EXERCISE DIRECTIONS ::
Exactly and only the lines below from the one containing "РОТОРНЫЙ РАСПУШИТЕЛЬ. ПЕРЕРАБОТКА" down to the one containing "Apartments for rent" are wanted, both included; please exclude every picture.

EXCERPTED DATA ::
=== Section Start ===

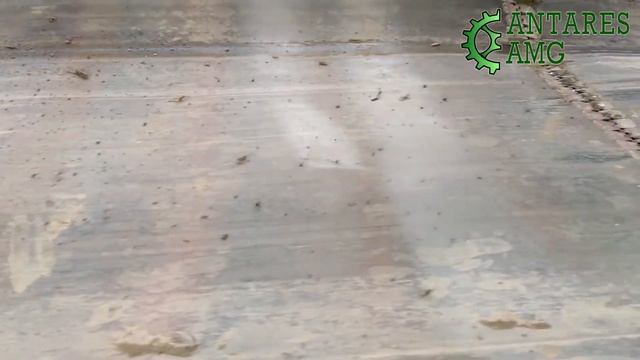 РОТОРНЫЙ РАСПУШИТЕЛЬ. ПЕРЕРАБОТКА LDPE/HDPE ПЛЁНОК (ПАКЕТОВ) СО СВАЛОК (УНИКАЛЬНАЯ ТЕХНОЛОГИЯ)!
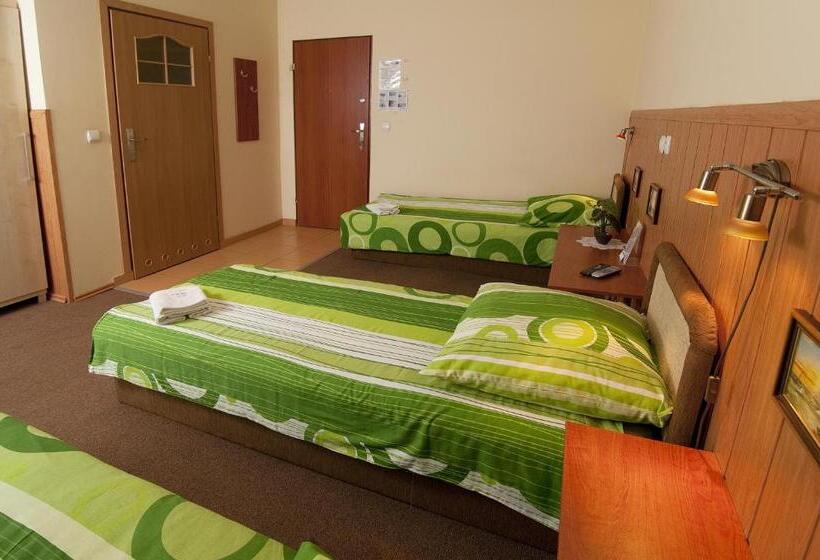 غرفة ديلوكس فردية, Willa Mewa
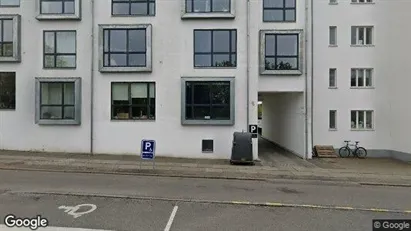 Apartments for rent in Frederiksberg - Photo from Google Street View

=== Section End ===
=== Section Start ===

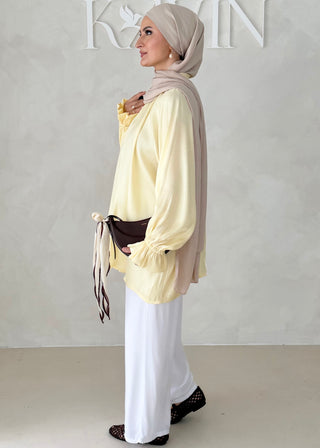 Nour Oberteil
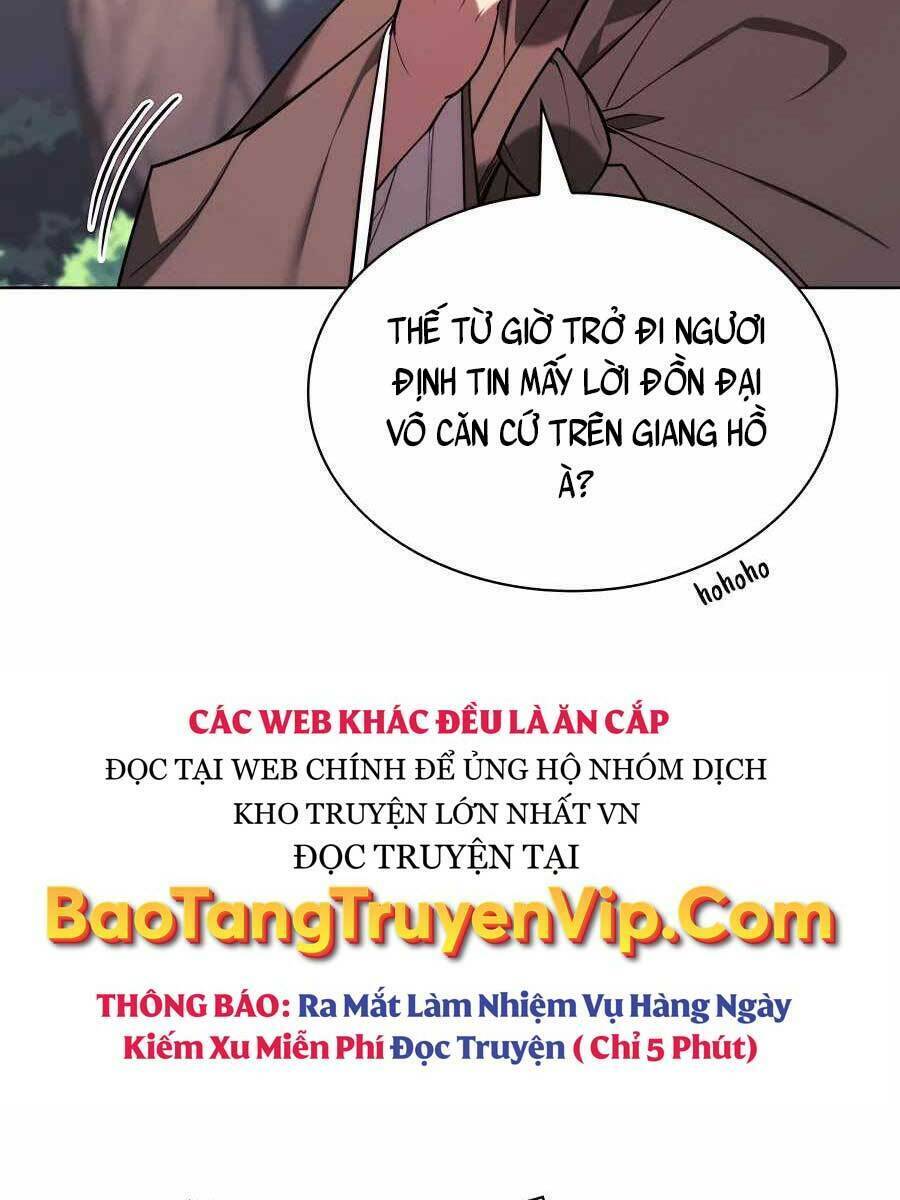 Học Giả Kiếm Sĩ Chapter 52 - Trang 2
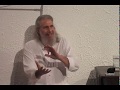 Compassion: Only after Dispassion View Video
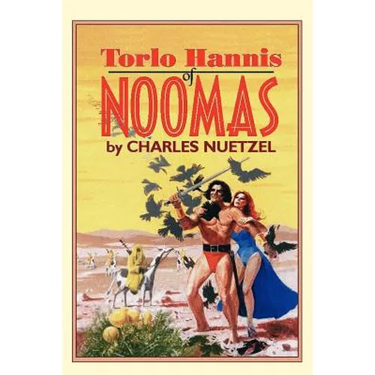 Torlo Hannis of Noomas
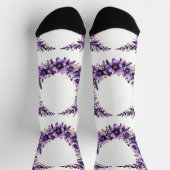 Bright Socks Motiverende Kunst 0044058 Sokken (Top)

=== Section End ===

RESULT OF THE TASK ::
 РОТОРНЫЙ РАСПУШИТЕЛЬ. ПЕРЕРАБОТКА LDPE/HDPE ПЛЁНОК (ПАКЕТОВ) СО СВАЛОК (УНИКАЛЬНАЯ ТЕХНОЛОГИЯ)!
 غرفة ديلوكس فردية, Willa Mewa
 Apartments for rent in Frederiksberg - Photo from Google Street View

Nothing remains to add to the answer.